─── INPUT FOR THIS TASK
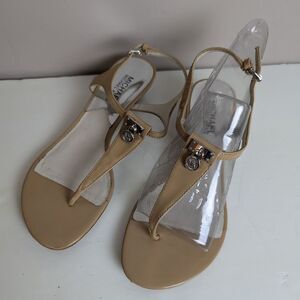 Michael Kors T-Strap Sandals Women’s Tan Patent Leather Size 6M Logo Heel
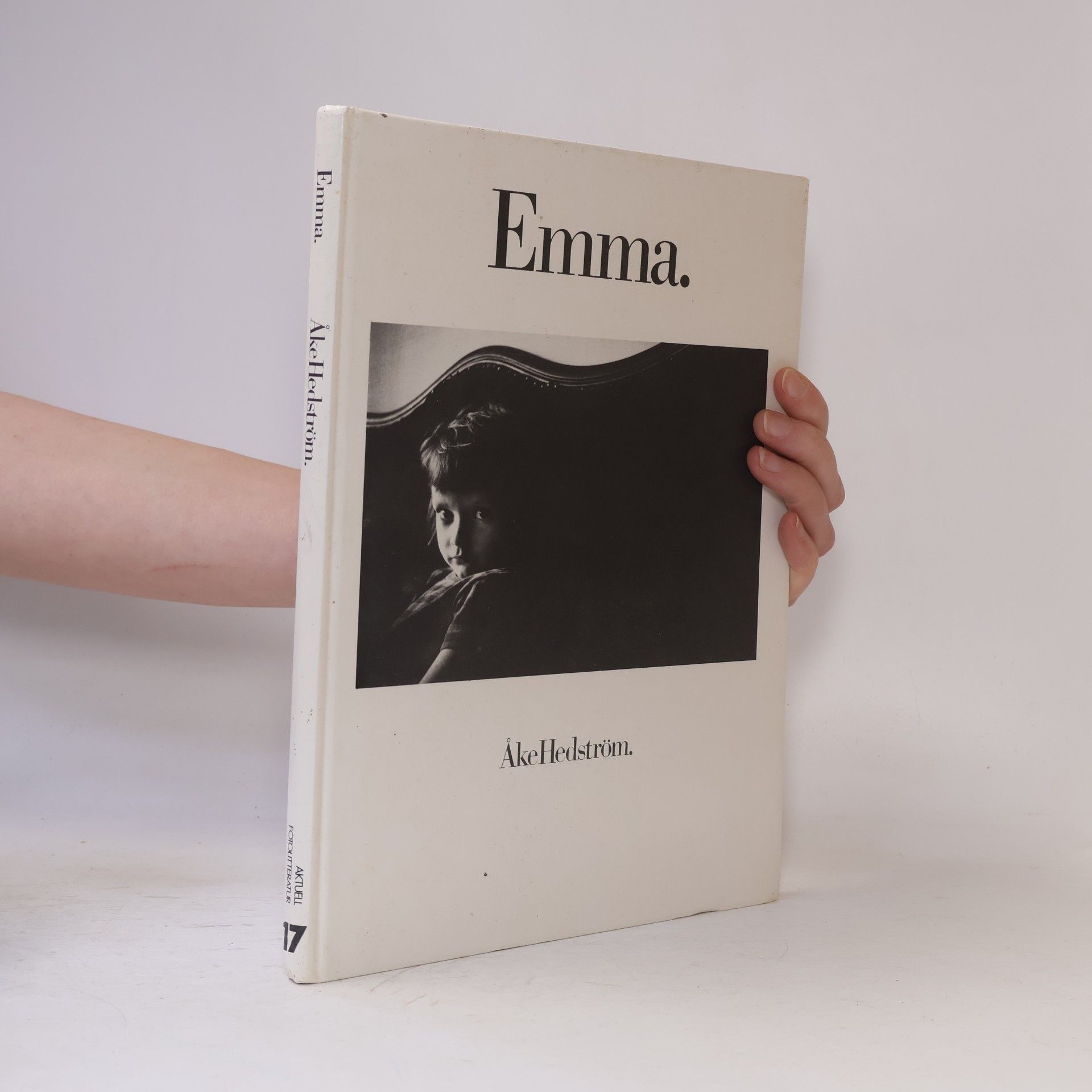 Åke Hedström Aktuell Fotolitteratur - 17: Emma
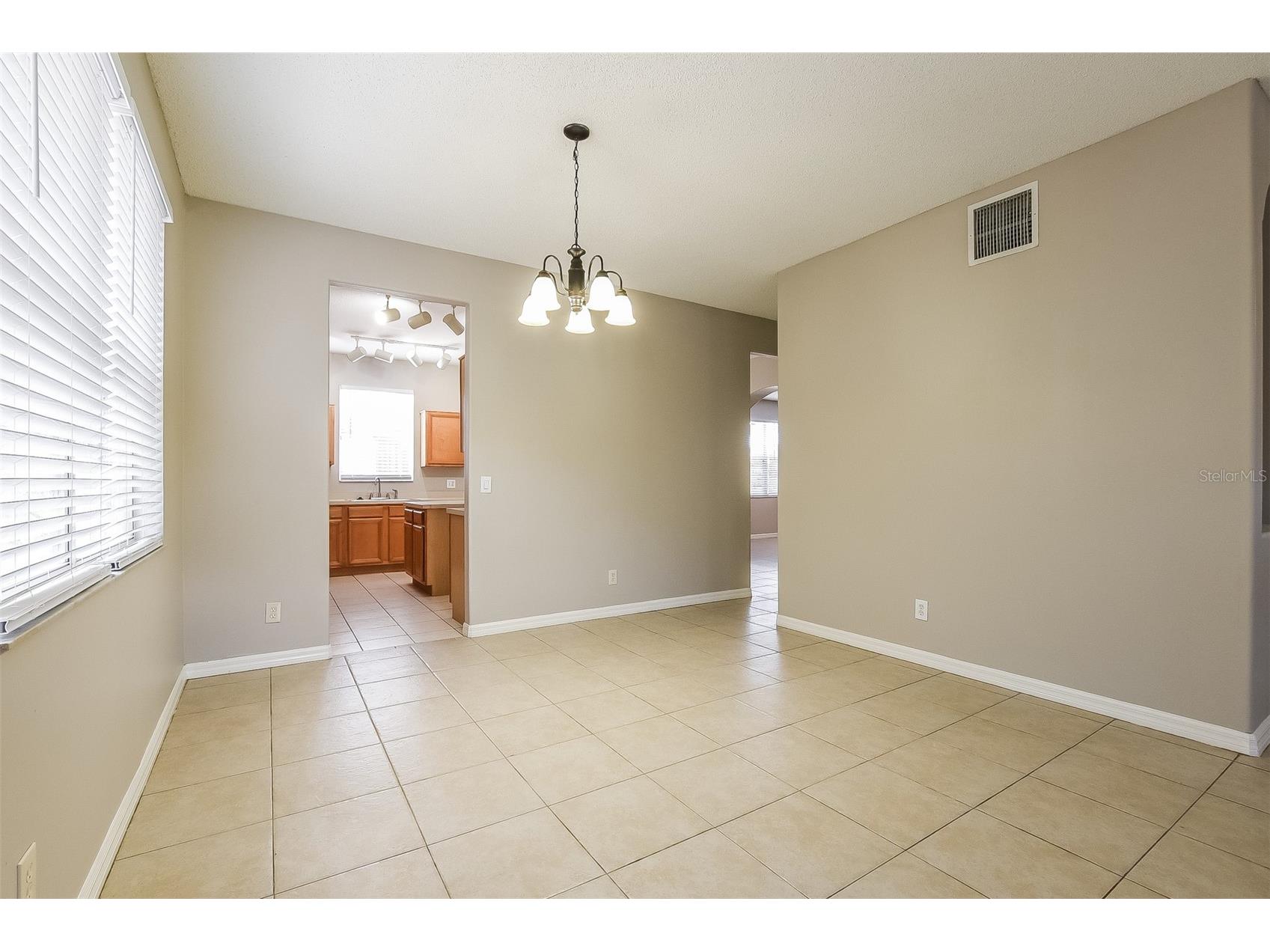 14401 Kristenright Lane Orlando FL 32826 TB8527361 image6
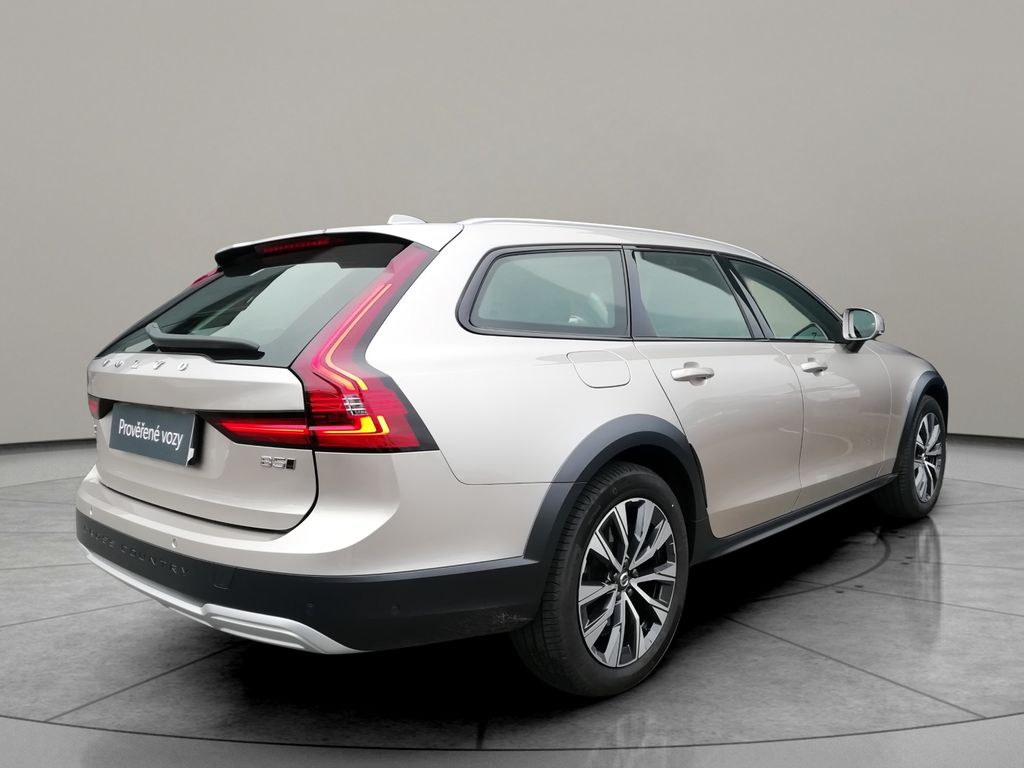 volvo-v90-2-0-cross-country-bright-plus - 1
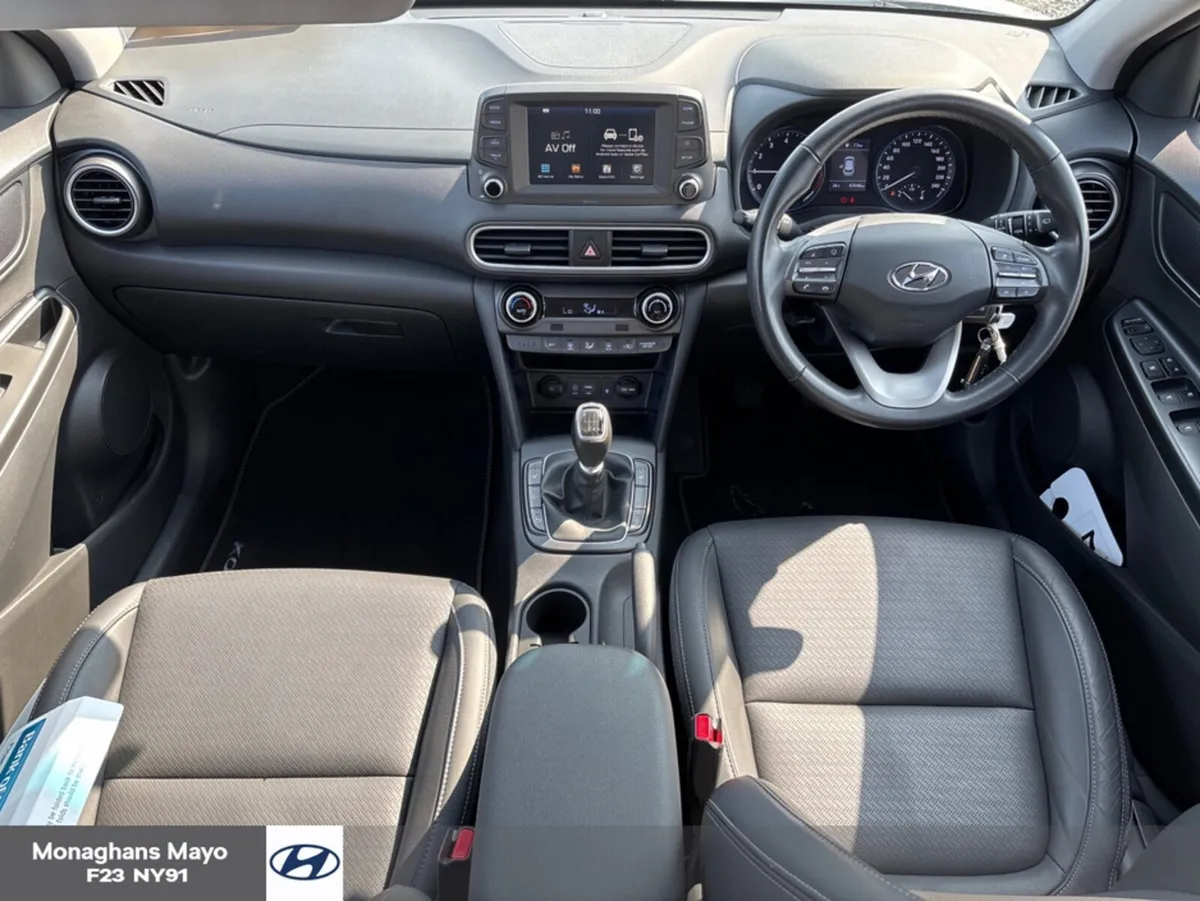Hyundai KONA KAUAI 'FULL LEATHER' EXCUTIVE PLUS 5D - Image 2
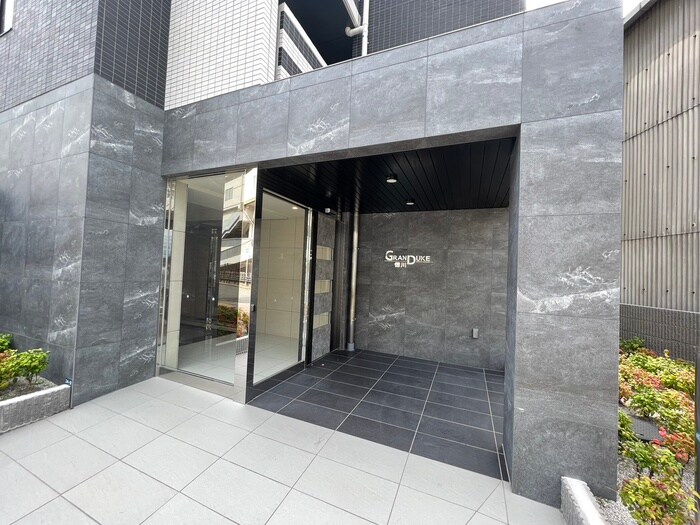 物件外観写真6　(エントランス部分)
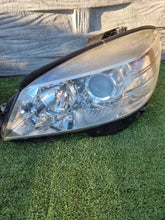 Laden Sie das Bild in den Galerie-Viewer, Frontscheinwerfer Mercedes-Benz W204 A2048208461 Links Scheinwerfer Headlight SCH4617907288lw
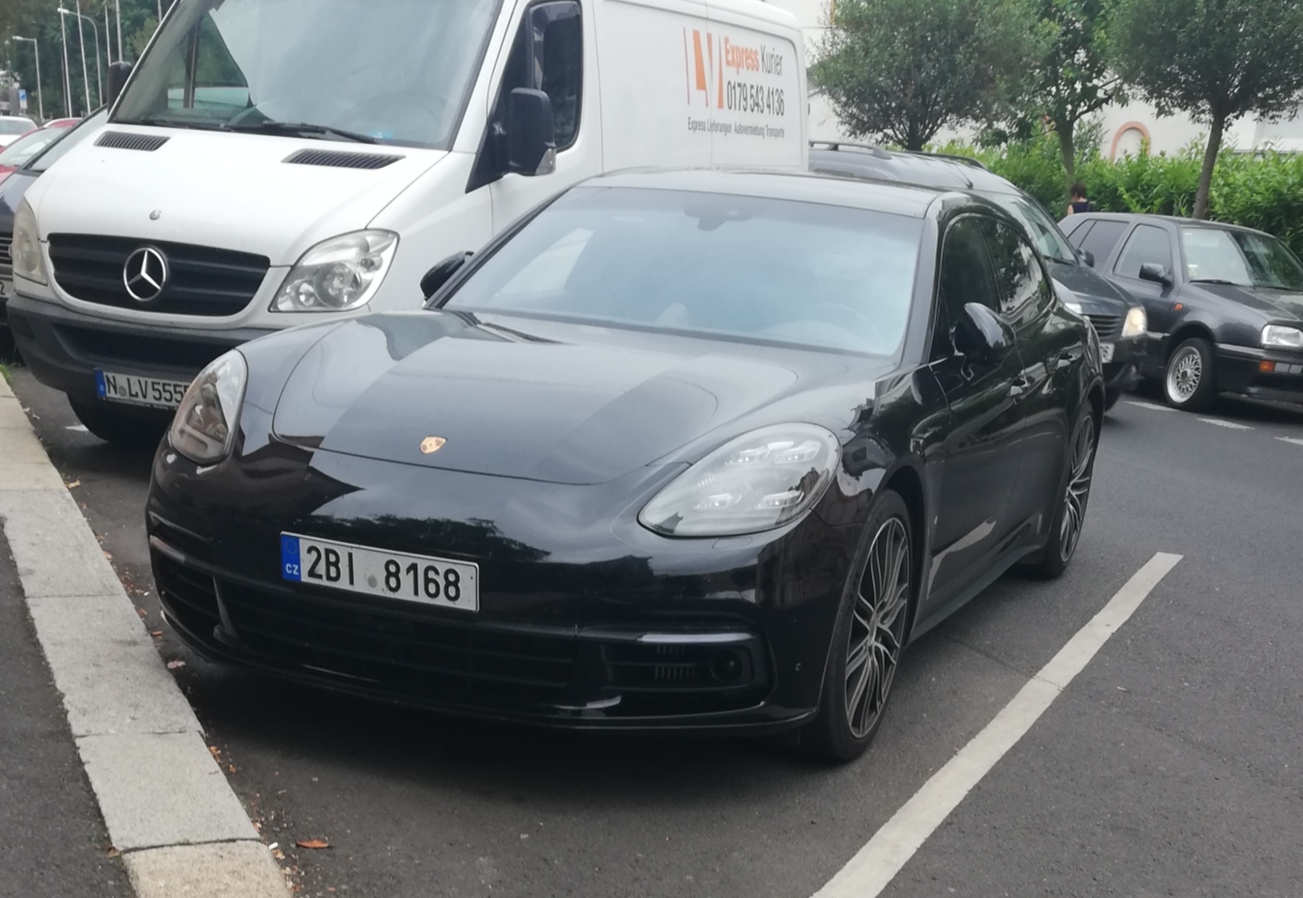 2BI 8168, Porsche Panamera 2nd gen Sport Turismo (971), 2017–2023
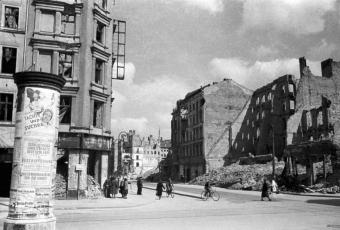 Straßenszene am Andreasplatz, Grüner Weg | Foto: Cecil F. S. Newman © Stadtmuseum Berlin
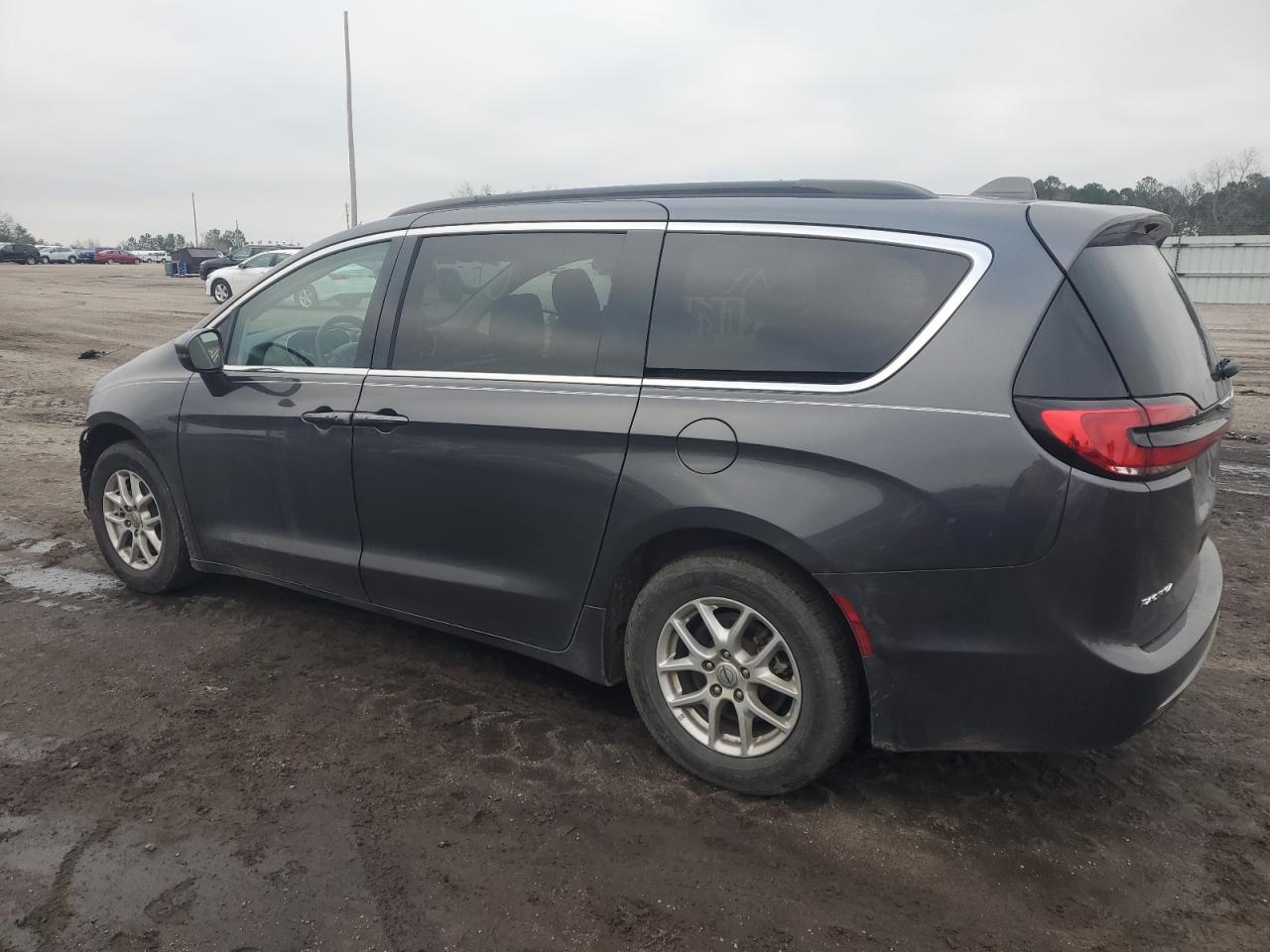 2022 Chrysler Pacifica - Image 2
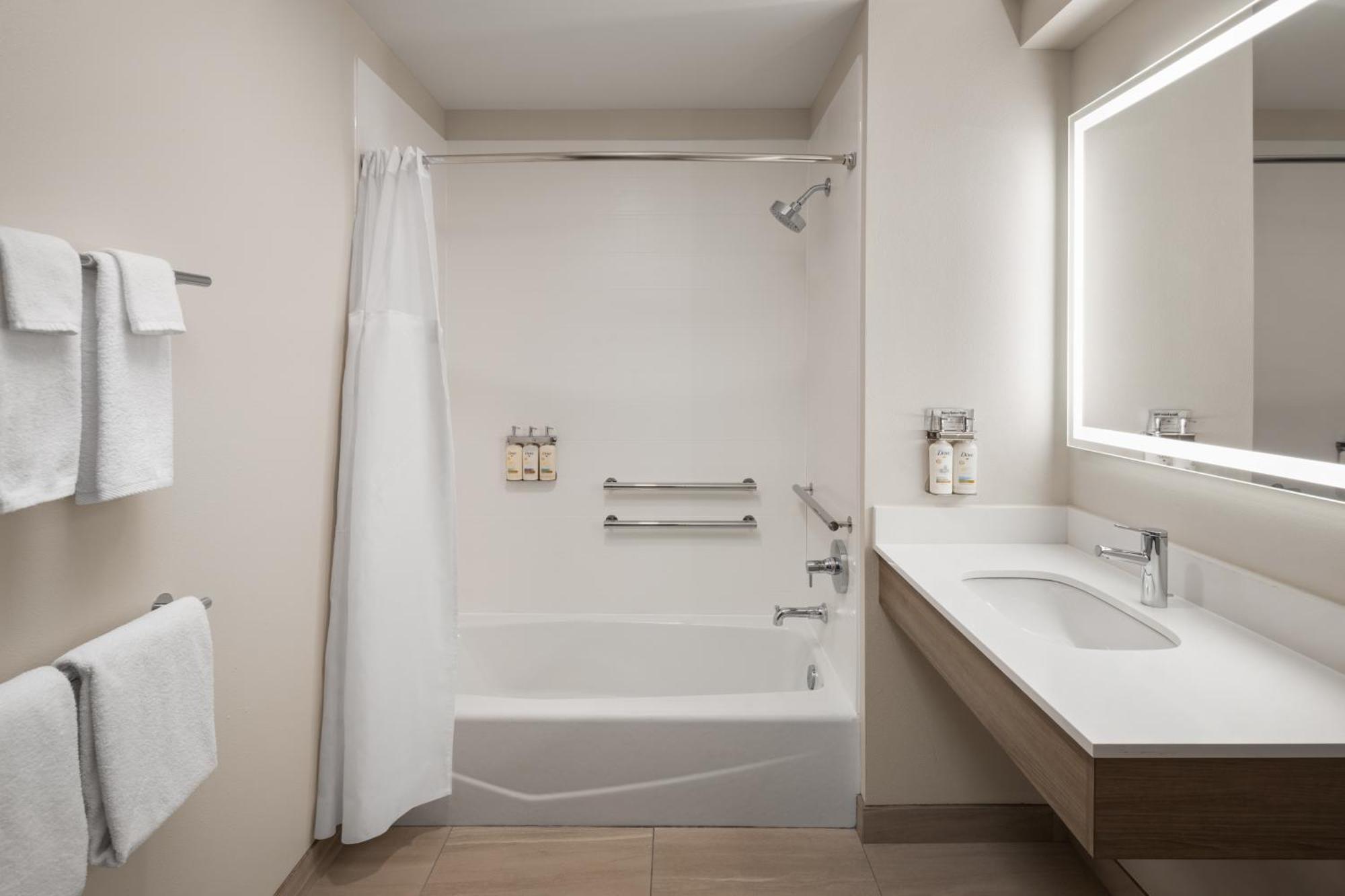One-Bedroom Queen Room Mobility Accessible Tub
──────
§ **DESCRIPTION OF THE TASK**:
The images in the entries above should be left out; please reproduce exactly the lines from the first through the one containing "物件外観写真6　(エントランス部分)".

§ **RESPONSE TO THIS EXERCISE**:
 Michael Kors T-Strap Sandals Women’s Tan Patent Leather Size 6M Logo Heel
 Åke Hedström Aktuell Fotolitteratur - 17: Emma
 14401 Kristenright Lane Orlando FL 32826 TB8527361 image6
 volvo-v90-2-0-cross-country-bright-plus - 1
Hyundai KONA KAUAI 'FULL LEATHER' EXCUTIVE PLUS 5D - Image 2
 物件外観写真6　(エントランス部分)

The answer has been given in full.